A fractal is a shape that looks the same no matter how much you zoom in on it. It has self similarity: little pieces of it look exactly like the whole thing.
Think of a big stalk of broccoli. If you break off one piece, it looks like a small version of the original. Then you break off another piece, and it looks like the original. With broccoli, you eventually run out of pieces to break, but in a true mathematical fractal, you can keep looking at smaller pieces and they look exactly like the original.
Why do we care about fractals?
They are awesome. Okay, so maybe you want an answer that a non-math geek would appreciate. They can be used to create beautiful pictures, model shapes in the real world, and improve the technology in your cell phone.
Mandelbrot was the mathematician who first started serious work with fractals. His ideas were rejected at first, but eventually people realized that the real world is modeled better by fractals than by straight lines and simple curves.
You use fractals and see fractals everyday. Special effects in movies are often created by fractals. Why? Because the effects look more believable when they are detailed with this idea of self similarity than if they are smooth curves and straight lines. For example, the lava that shoots up as Obi-wan fights with Anakin Skywalker was CGI. It was created by drawing a curve and then using the computer to make curve be drawn with little versions of itself. This process was repeated a bunch of times, and the result was a very natural looking jet of lava. In other movies, fractals have been used to create entire landscapes. Fractals have greatly improved the movies that you know and love.
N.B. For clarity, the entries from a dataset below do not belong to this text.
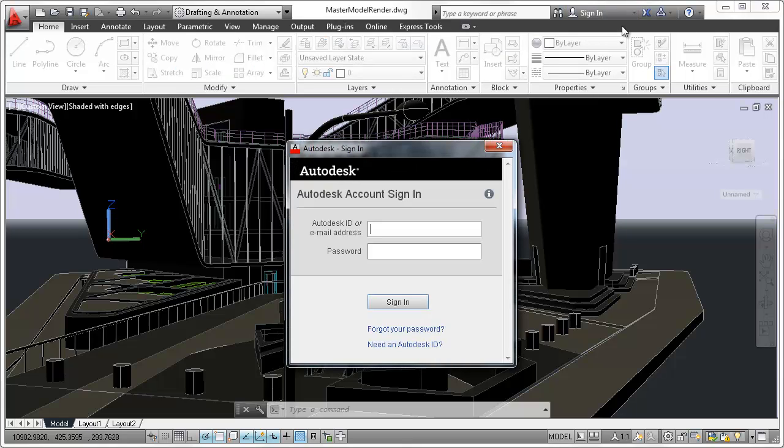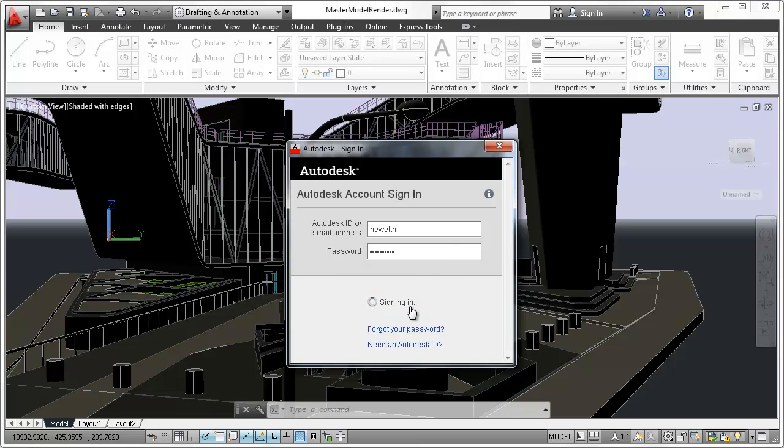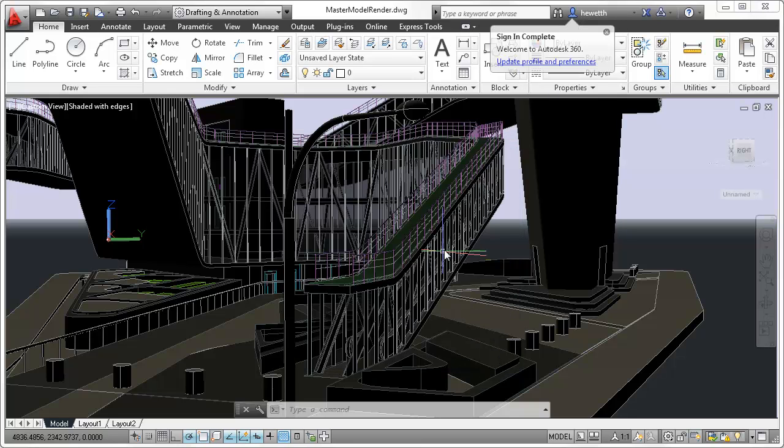Sign in directly from the InfoCenter toolbar using your Autodesk single sign-in name and password. If you do not yet have an account, you can create one.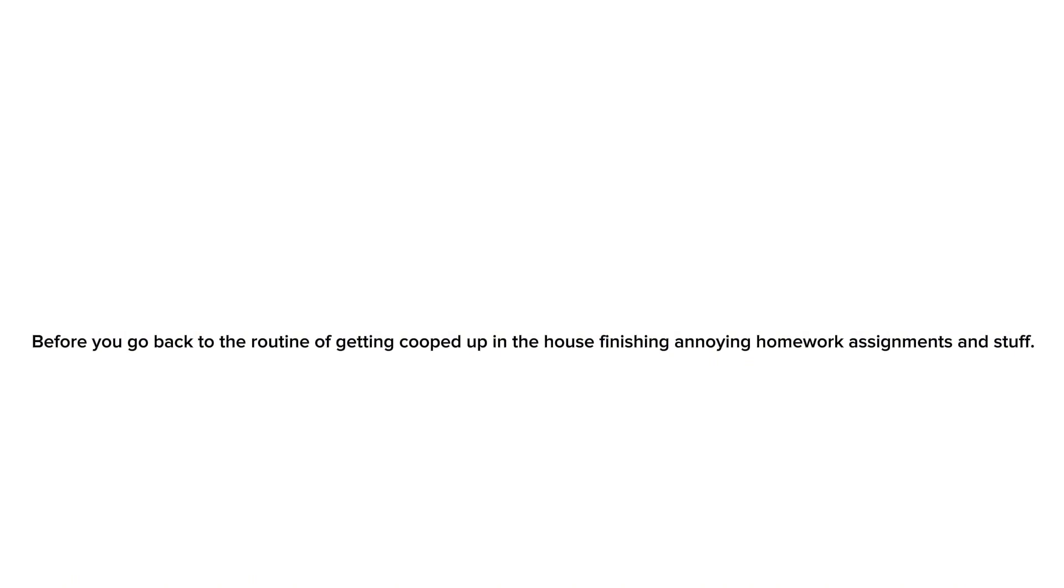Before you go back to the routine of getting cooped up in the house, finishing annoying homework and stuff... Come on, it's nice to get out of the house for a while. Only for school, that is. Come on, let's run together. Let's get out of the house for a while.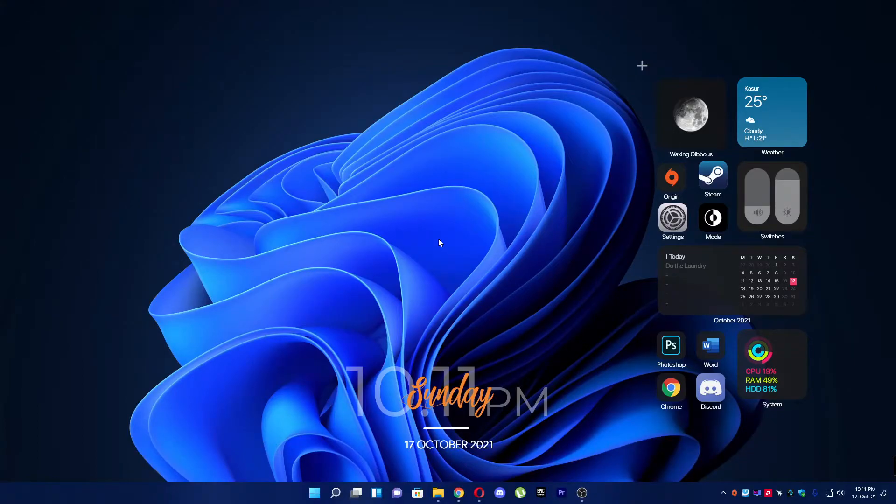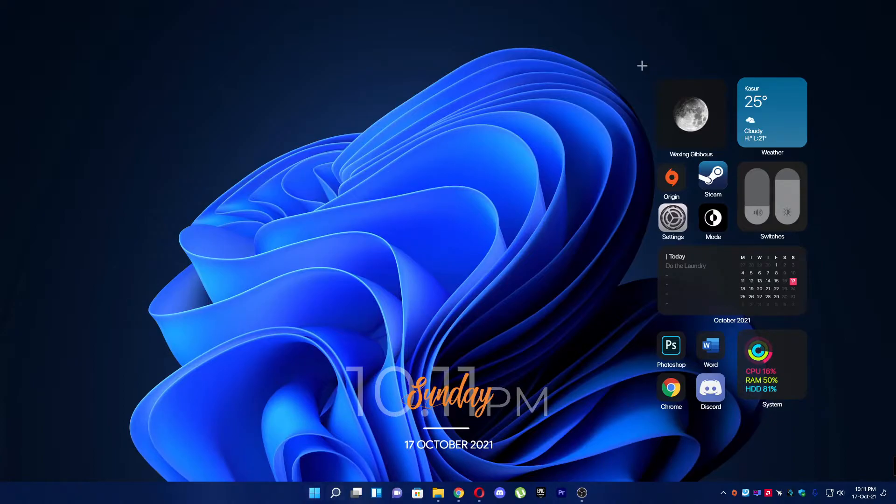Hey everyone, in this video I will show you how you can pin a program in Windows 11. For example, you want to add a program right here on the taskbar.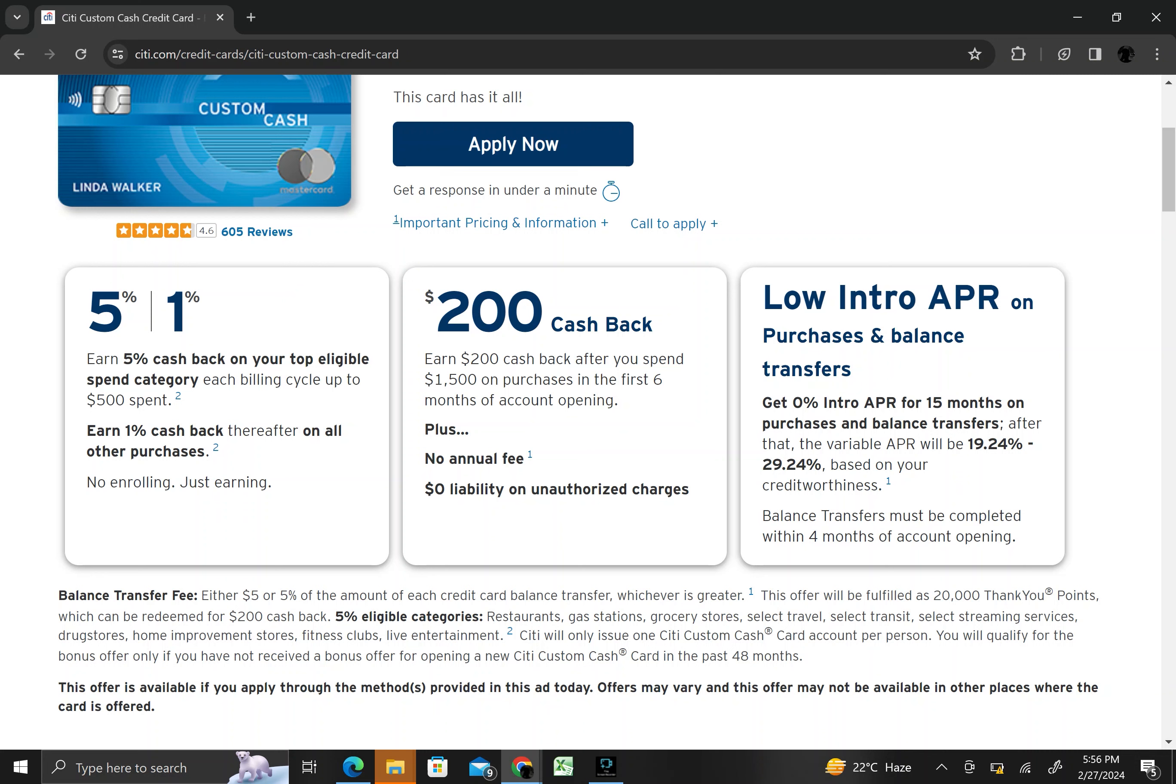This feature allows cardholders to convert large purchases into monthly payments with a fixed APR, providing flexibility in managing expenses.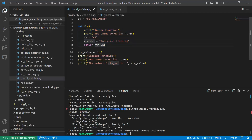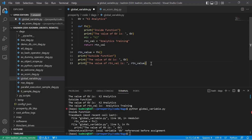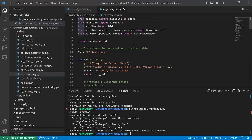The second important point is that this function returns a value, which I capture in a variable called 'return_value', and I can easily pass this variable to a second function in a normal Python code. However, the return object of this function — if you have to pass it from one task to another task in Airflow — you will not be able to pass it directly. You will have to use XCOMs.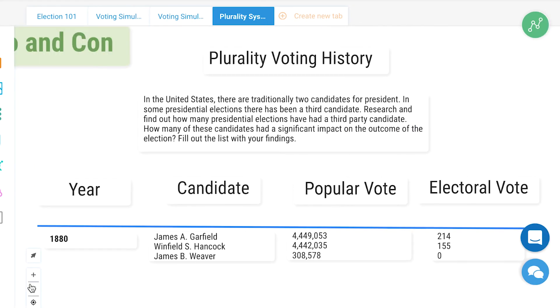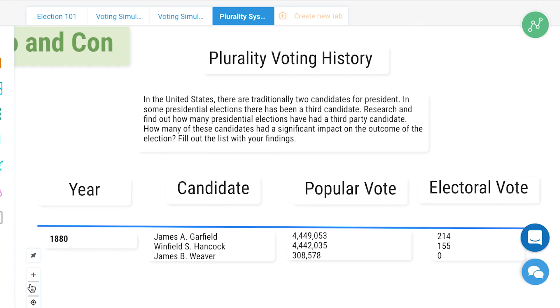Finally, students will research and document the results of past U.S. presidential elections which included third-party candidates, to determine if the third-party candidate had a significant impact on the outcome of the election.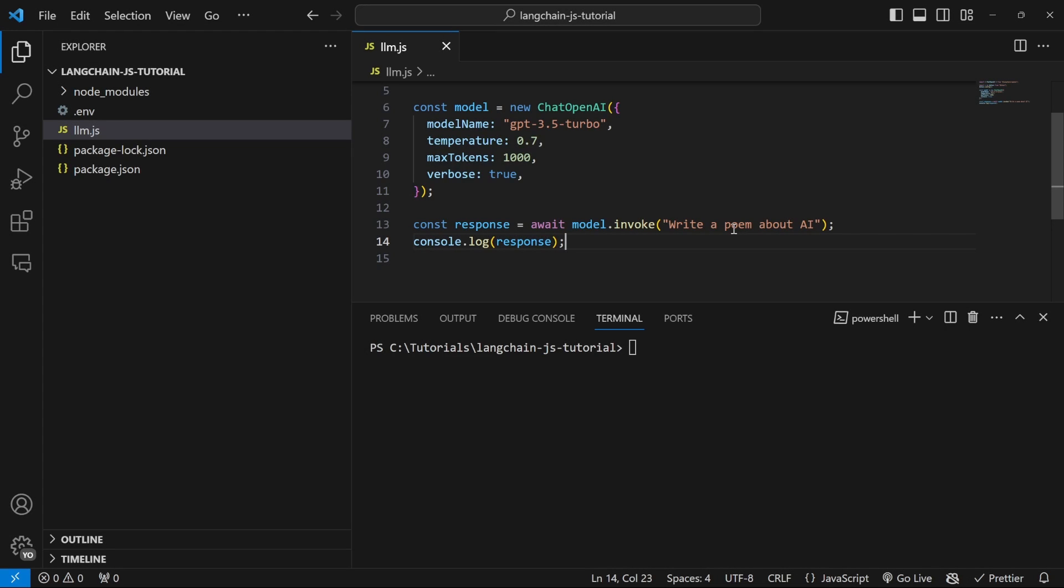In the last video, we created our very first chatbot using Langchain. At the moment, we are able to have a general conversation with the bot and receive generic responses. But what if we wanted more control over the conversation and the type of responses we can expect from the model? This is where prompt templates come in.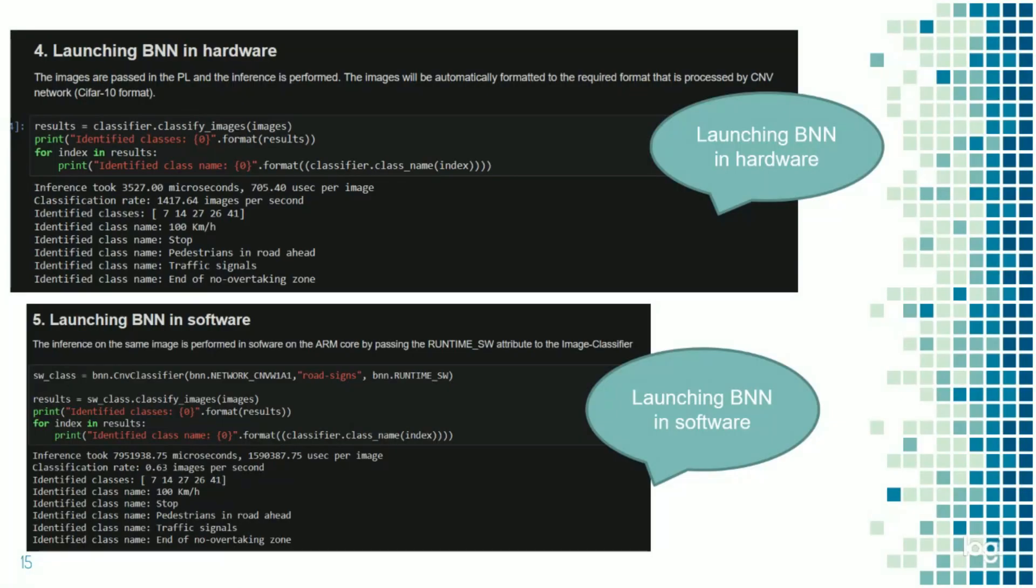This slide is launching BNN in hardware and launching BNN in software. As we can see, the launching BNN in hardware uses 3,527 microseconds. And in software, it takes 797,095,938.75 microseconds. Here, hardware always is best.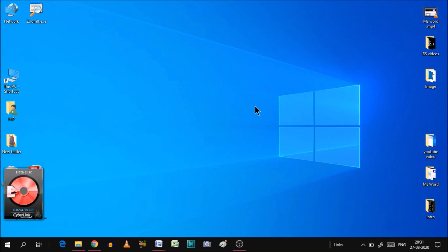Sometimes we are going to download a file. For example, we have time to sleep at night and 1-2 hours of download time is showing. So it is not possible to stay awake for that time. In that case, the shutdown timer helps us.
You use fractal technology every time you pick up your cell phone, because the antennas in cell phones are based on fractals. There is a great story about a short wave radio operator who attended one of Mandelbrot’s lectures. His landlord had always complained about his big antennas. After the lecture, he thought “what if an antenna was shaped like a fractal?” Then he bent a coat hanger into the shape of the Koch Curve (a famous fractal) and even though it was much smaller, it was the best antenna he ever had. Now that idea is used in all cell phones.
There are simple fractals like Fractal Trees, Sierpinski’s Triangle and the Koch Curve. I like to draw these when I am stuck in a boring meeting.
And there are beautifully complicated fractals that come from simple mathematical equations. Here is a video that shows the Mandelbrot Set. It is a beautiful fractal that is created from a surprisingly simple equation. This video zooms in on different places and you can see how the entire shape is embedded inside. The video starts slowly so you might want to jump to 1:30 to start.
Fractal Trees. Draw a segment for the trunk. Then make a “V” on it. Make more Vs on the new ends. Each time you draw, make the new segments smaller than the last “generation”. Have some fun with these: make different generations different colors, vary how wide the Vs are, and experiment with other ideas.
The Koch Curve. Basically you draw a line segment and then make an equilateral triangle in the middle of it. Then draw a triangle in the middle of each segment. Repeat.
Sierpinski’s Triangle. Draw andequilateral triangle. Connect the midpoints of the sides. Continue connecting the midpoints of the new triangles (but do not draw in the upside-down triangles).
While mathematicians discover these ideas, it was our Creator who put them in our universe. The more I study math, the more I am in awe of God. He gives us logic, math, beauty, and all of the other ideas we have in this life.